328 thoughts on “Germany Imposes Quota of 30 Percent Women On Corporate Boards”

  1. Prairie Rose,

    I fault both politicians and wealthy business people–including hedge fund managers–who have involved themselves in reforming our public schools.

    *****

    Here’s a story you may find interesting:

    The Plot Against Public Education
    How millionaires and billionaires are ruining our schools.
    By BOB HERBERT
    October 06, 2014
    http://www.politico.com/magazine/story/2014/10/the-plot-against-public-education-111630.html#.VRaxeVw-DBI

    Excerpt:
    Bill Gates had an idea. He was passionate about it, absolutely sure he had a winner. His idea? America’s high schools were too big.

    When a multibillionaire gets an idea, just about everybody leans in to listen. And when that idea has to do with matters of important public policy and the billionaire is willing to back it up with hard cash, public officials tend to reach for the money with one hand and their marching orders with the other. Gates backed his small-schools initiative with enormous amounts of cash. So, without a great deal of thought, one school district after another signed on to the notion that large public high schools should be broken up and new, smaller schools should be created.

    This was an inherently messy process. The smaller schools—proponents sometimes called them academies—would often be shoehorned into the premises of the larger schools, so you’d end up with two, three or more schools competing for space and resources in one building. That caused all sorts of headaches: Which schools would get to use the science labs, or the gyms? How would the cafeterias be utilized? And who was responsible for policing the brawls among students from rival schools?

  2. Elaine,
    Thanks for the article. The biometrics bracelets being developed by Gates sound particularly creepy.

    I did think, though, that the article focused too heavily on the culpability of business people/corporations like the Bill & Melinda Gates Foundation, the Waltons, Pearson, and not enough on the culpability of our federal representatives/administrators.

    “While it is true that the corporate reform moguls are completely out of touch with the vast majority of people, their strategy for remaking our schools on a business model is not the result of ignorance but of arrogance, not of misunderstanding but of the profit motive, not of silliness but rather of a desire for supremacy.”
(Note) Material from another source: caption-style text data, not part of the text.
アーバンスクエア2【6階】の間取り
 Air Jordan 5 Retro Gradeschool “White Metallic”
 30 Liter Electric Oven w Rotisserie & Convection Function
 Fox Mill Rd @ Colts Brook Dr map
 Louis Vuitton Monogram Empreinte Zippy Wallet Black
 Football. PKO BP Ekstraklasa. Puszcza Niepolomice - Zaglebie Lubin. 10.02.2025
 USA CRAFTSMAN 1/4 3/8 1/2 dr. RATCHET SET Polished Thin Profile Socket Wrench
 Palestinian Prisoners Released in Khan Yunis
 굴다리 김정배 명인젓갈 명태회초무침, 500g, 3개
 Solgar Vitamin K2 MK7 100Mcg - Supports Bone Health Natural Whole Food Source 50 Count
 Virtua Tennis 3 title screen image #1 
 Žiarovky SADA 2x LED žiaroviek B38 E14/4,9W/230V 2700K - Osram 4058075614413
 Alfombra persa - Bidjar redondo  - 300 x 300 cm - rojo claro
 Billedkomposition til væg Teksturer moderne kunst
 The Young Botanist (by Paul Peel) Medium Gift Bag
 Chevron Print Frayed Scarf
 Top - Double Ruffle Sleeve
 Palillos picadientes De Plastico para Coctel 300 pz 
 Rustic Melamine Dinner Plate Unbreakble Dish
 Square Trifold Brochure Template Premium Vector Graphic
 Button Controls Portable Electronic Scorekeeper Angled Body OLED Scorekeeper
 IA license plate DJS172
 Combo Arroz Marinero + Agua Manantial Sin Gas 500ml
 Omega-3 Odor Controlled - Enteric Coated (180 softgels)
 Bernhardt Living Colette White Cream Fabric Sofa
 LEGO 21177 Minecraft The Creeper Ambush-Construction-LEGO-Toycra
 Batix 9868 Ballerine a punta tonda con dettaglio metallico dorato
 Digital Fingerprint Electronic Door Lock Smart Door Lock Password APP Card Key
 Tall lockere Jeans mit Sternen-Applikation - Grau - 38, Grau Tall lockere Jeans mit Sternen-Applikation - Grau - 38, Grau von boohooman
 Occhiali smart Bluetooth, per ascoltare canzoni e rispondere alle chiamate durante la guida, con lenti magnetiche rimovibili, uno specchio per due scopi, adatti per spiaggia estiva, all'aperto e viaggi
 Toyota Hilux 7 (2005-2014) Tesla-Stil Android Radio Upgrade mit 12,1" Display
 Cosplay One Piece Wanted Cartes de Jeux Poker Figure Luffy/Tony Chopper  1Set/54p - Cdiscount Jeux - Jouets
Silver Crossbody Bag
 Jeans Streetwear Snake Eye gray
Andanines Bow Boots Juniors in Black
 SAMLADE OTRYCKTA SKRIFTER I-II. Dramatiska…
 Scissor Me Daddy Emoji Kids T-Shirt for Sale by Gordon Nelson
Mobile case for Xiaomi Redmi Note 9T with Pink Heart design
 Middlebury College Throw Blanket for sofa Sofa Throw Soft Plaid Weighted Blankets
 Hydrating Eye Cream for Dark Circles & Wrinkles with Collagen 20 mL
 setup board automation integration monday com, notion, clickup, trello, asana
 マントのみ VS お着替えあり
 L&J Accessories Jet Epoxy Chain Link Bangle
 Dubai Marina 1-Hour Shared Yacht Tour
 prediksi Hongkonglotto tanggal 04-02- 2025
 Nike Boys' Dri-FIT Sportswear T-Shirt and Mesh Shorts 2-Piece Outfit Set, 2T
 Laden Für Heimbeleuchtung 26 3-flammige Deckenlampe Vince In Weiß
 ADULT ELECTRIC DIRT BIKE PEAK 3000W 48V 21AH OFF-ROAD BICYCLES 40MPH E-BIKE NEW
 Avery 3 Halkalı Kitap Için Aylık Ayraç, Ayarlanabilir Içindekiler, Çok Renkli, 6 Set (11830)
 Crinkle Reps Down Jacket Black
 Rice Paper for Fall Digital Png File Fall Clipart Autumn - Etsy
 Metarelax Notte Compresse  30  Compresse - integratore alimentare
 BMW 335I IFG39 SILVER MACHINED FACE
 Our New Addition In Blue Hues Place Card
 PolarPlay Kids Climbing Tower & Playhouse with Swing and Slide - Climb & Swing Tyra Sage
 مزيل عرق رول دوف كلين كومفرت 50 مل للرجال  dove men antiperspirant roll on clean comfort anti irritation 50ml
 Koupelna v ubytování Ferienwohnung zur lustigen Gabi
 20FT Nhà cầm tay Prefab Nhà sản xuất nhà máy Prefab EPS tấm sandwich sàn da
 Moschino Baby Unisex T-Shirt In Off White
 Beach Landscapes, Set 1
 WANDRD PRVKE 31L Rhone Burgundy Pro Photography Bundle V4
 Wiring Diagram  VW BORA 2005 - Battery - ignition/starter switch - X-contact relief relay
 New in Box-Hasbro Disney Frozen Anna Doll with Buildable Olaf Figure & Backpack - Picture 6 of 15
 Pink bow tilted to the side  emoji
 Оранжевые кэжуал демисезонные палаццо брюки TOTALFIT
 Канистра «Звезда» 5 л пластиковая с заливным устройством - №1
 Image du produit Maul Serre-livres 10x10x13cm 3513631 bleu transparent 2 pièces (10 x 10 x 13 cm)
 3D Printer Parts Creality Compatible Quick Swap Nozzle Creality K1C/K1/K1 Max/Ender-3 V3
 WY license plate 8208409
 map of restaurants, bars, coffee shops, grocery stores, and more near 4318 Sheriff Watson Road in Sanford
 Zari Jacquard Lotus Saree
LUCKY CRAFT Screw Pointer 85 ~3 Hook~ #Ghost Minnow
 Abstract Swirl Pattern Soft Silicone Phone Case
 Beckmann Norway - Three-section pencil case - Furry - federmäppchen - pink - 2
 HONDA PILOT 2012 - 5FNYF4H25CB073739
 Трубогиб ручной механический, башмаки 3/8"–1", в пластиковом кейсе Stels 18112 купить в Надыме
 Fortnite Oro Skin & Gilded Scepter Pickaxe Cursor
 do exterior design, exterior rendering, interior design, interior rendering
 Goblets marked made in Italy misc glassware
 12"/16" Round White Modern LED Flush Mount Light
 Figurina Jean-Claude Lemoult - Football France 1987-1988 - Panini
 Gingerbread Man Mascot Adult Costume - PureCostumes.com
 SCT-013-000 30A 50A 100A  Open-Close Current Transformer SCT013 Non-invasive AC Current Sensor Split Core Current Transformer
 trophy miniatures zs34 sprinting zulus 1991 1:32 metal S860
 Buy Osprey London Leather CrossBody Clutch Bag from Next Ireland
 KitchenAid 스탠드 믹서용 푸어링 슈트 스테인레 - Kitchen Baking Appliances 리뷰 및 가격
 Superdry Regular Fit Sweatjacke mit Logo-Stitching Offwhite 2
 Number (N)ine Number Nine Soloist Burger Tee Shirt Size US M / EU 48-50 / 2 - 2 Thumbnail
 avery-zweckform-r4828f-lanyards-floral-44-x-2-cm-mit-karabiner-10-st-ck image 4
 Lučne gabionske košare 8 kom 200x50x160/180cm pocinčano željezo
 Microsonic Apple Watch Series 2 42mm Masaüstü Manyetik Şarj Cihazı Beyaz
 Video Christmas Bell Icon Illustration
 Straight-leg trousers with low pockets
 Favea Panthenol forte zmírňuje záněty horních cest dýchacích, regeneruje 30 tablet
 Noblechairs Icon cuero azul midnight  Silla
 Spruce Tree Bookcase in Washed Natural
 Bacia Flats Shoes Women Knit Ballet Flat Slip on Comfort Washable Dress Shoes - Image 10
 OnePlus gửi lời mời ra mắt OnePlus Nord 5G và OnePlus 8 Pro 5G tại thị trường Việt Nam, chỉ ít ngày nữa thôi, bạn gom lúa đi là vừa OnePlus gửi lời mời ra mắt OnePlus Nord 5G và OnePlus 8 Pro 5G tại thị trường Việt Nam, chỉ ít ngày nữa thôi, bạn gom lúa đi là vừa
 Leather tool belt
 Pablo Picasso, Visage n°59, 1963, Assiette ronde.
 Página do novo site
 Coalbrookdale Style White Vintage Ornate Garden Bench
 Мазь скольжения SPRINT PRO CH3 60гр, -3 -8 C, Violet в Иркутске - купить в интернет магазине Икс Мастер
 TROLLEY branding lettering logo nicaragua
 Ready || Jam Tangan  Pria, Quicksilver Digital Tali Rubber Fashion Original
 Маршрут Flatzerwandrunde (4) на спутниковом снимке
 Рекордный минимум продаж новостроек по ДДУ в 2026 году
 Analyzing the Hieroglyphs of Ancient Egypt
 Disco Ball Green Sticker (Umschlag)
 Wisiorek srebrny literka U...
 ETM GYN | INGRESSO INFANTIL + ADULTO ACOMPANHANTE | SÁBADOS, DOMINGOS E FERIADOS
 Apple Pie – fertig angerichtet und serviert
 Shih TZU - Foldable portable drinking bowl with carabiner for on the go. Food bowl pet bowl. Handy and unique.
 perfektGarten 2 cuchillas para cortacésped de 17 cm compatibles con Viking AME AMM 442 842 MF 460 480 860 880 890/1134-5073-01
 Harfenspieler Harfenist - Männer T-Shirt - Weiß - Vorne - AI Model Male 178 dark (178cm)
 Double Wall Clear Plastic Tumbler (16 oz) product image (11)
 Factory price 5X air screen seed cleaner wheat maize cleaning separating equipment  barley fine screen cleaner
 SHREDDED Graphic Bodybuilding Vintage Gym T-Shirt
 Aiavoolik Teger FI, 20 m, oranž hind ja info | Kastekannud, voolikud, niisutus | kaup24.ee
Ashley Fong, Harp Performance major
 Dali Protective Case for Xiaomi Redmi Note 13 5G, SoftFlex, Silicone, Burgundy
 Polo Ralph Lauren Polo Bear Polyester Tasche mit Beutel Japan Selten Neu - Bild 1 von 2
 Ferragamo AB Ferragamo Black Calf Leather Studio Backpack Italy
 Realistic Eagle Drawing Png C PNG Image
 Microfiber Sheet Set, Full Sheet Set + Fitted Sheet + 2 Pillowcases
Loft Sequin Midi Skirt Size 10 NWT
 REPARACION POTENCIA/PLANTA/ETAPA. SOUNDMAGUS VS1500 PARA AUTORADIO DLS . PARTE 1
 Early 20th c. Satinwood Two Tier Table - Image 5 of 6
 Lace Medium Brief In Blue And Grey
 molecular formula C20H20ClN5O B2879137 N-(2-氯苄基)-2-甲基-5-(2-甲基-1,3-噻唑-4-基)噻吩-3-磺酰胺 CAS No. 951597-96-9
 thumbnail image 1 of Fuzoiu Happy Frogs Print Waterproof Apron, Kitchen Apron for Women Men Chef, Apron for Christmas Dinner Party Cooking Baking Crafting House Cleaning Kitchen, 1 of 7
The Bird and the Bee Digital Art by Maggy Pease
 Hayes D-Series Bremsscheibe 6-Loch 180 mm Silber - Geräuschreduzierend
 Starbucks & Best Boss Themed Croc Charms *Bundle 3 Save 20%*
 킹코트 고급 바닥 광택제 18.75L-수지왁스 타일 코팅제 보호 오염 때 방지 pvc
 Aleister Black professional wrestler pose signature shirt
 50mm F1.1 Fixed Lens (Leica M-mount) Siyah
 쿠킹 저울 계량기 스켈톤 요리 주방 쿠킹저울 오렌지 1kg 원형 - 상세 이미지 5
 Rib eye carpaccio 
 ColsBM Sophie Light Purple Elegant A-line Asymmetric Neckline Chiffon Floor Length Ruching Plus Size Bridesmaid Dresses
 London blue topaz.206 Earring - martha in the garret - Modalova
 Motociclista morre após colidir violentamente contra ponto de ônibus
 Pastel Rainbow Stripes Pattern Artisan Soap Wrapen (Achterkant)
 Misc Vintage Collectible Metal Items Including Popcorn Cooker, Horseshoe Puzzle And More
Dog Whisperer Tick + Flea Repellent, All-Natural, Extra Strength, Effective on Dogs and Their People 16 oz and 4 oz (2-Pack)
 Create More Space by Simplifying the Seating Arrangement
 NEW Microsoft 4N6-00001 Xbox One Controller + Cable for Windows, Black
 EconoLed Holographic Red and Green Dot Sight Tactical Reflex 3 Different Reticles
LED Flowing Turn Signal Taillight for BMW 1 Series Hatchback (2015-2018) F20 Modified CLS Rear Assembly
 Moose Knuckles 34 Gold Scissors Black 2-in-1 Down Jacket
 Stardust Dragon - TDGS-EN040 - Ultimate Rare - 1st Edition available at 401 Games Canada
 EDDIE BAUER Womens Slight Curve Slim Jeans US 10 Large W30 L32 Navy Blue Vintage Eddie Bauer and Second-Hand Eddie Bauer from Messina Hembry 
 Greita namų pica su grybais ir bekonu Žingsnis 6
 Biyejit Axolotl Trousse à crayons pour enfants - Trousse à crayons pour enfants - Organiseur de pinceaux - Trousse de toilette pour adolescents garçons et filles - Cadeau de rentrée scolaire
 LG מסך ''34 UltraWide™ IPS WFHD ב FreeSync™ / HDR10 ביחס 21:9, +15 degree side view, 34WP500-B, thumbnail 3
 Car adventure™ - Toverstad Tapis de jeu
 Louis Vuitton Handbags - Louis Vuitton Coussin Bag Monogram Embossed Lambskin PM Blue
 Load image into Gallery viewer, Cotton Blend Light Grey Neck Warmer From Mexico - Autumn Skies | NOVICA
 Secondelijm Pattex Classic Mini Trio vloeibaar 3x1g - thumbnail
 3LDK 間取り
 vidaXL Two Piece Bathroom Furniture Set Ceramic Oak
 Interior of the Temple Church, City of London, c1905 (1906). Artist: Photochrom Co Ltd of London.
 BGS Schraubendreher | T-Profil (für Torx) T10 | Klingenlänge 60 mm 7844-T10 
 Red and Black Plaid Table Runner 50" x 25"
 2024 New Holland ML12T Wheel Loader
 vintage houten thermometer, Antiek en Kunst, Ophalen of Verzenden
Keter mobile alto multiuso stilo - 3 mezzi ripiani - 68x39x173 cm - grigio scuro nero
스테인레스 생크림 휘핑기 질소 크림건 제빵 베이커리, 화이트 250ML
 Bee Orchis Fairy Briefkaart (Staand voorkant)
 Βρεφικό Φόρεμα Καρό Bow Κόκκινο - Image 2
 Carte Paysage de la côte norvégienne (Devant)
    Replace “corporate reform moguls” with politicians and the sentence really has the same meaning. 🙁

    Dao Tran does call out “officials” in the article, but it is still the juxtaposition of the super-rich with business that practically lets the government off the hook:

    “The superrich are not failing to understand the basics of how to provide a nurturing education for the whole child. The problem is that they believe this type of education should be reserved only for their own children.”

    I have a distinct sense that far too many politicians on the Hill look down upon their constituents as the unwashed masses. Politicians can be just as arrogant and self-serving as corporatists; why else are we in this school reform mess if it wasn’t for government’s involvement?

  3. Elaine,
    From the article:
    “Moreover, while Gates, President Obama, and Secretary of Education Duncan are all parents of school-age children, none of those children attend schools that use the CCSS or take Common Core exams.”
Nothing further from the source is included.